ワーナー・パイオニアで中森明菜のデビュー前から足掛け5年ディレクター・プロデューサーを務め、『オマージュ〈賛歌〉to 中森明菜』(シンコーミュージック・エンタテイメント)の共著者でもあるディレクター、プロデューサー島田雄三氏は、『北ウイング』を選んだ頃のことを語る。
「1984年、新しい基軸を作ろうと考え、清純なバラードでも突っ張りのロックでもない曲として、4つの候補から『北ウイング』を選びました。明菜は負けん気の強さを持つ一方、レコーディングの時にドーナツを皿に盛って、スタッフ全員に配るような優しい子です。だからこそ気遣いのできない人に落胆する。夜中の2時頃、悩み相談の電話がありました。時には怒り、時には涙を流すなど、難しくてかわいくて、これほど手間のかかるアーティストは他にいませんでした。でも私は、明菜に巡り会えて本当に幸せでした」
デビュー当時の明菜を知るタレントの清水国明は、人となりと歌唱の魅力について語る。
「明菜ちゃんのデビューから数年間、『ヤンヤン歌うスタジオ』(テレビ東京)で毎月のように会っていました。“突っ張り”と言われてましたけど、そうは感じなかった。いつも満面の笑みで挨拶してくれて、腰も低かったです。『サザン・ウインド』を歌ってる時にドッキリで、後ろからバレリーナに扮した芸人が出てきた。怒らずに同じポーズを取って笑っていました。

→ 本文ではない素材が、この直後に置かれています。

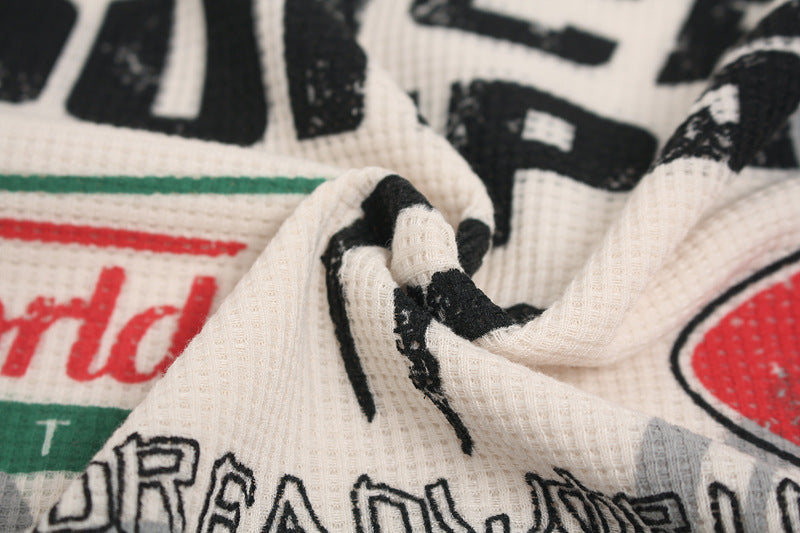 T-Shirt Manches Longues America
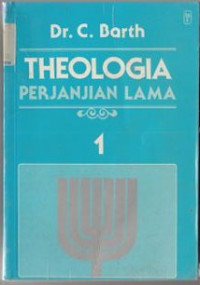 Image of THEOLOGIA PERJANJIAN LAMA 1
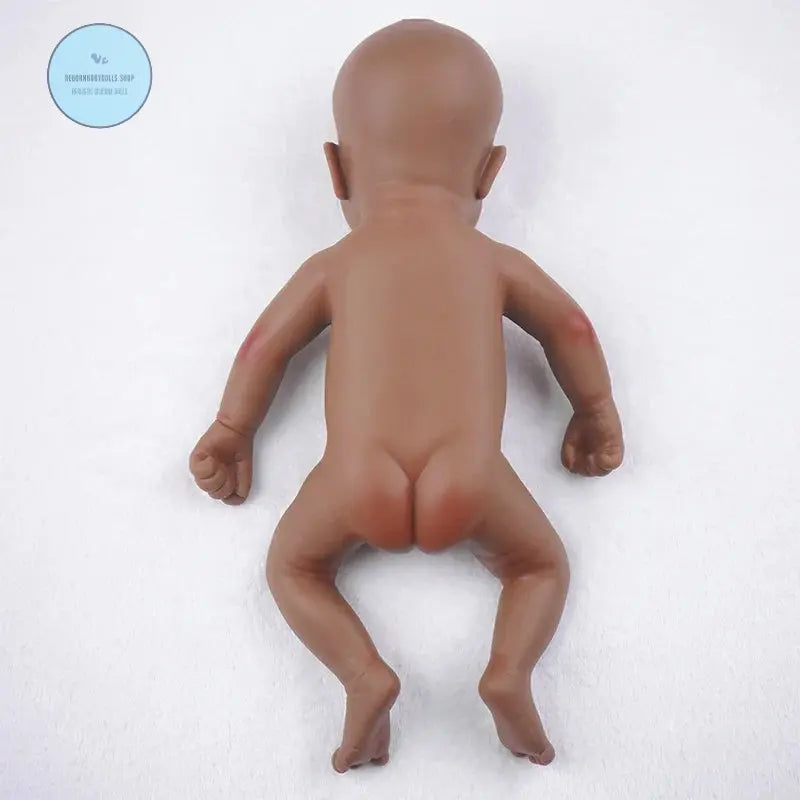 Image of Reborn Baby Dolls 12.2Inch Full Body Silicone Bebe Reborn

ドラマのコーナーで少年隊の東山(紀之)が死ぬシーンがあった時、演技ではなく本気で泣いていたんじゃないかな。感受性が強いから人を惹きつける歌を歌えるんだと思います」
新しいアイドル像を追い求めた聖子、アイドルからアーティストへ舵を切った明菜。2大アイドルにとって、1984年はまさに分岐点だったといえる。